Visually the mark cue does nothing, but in reality it is preparing the fixtures for their next cue. As soon as the blackout of the two fixtures finishes (cue 5), the mark cue is played (cue 5.5). It moves the fixtures into their new position while still in black. Then when the fade up cue is played (cue 6), the fixtures are already in position and simply fade up without moving. My example is with positions, but can be applied to any attribute of the fixture. For example, let’s say you have a gobo wash on a cyclorama in cue 10, fade out in cue 11, then fade up again with a new gobo wash in cue 12. You will need to place a mark cue at 11.5 to change the gobo while the fixtures are in black. If you do not have a mark cue, then you will see the gobos change while the gobo wash is fading up in cue 12.

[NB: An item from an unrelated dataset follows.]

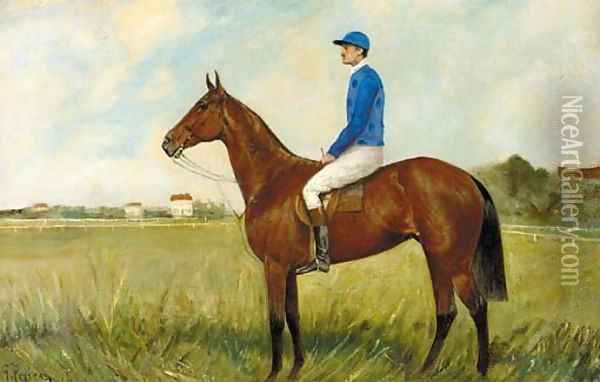 Lord Saint Ives, a bay racehorse with jockey up Oil Painting - George Paice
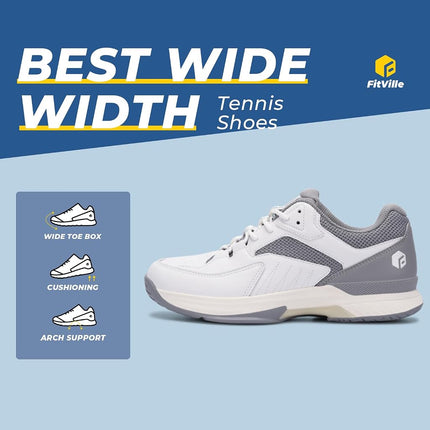 FitVille Men's Wide Tennis Shoes Comfortable Pickleball Shoes with Arch Support for Plantar Fasciitis Wide Feet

Oftentimes the need for a mark cue is not known until the cues are played back. Only then do you notice that fixtures are not preset for their next cue. When you replay your cues in rehearsal and notice fixtures moving into positions while fading up, you should note the cue numbers and create mark cues (unless the move is part of the desired effect). Then the next time your cuelist is played, the mistakes will no longer be a part of the show.

Tricks of the Trade

When building cues you need to think both forward and backward to determine where a fixture is coming from and where it is going. If you are aware of this while building cues your programming will go quickly and cleanly. There will be no need to add mark cues after the first time playing back the cues. In the previous example, when building cue 12 with the new gobo wash, you can simply save a copy of this cue with intensity at zero for cue 11.5. This way you will have created the mark cue at the same time you created the original cue.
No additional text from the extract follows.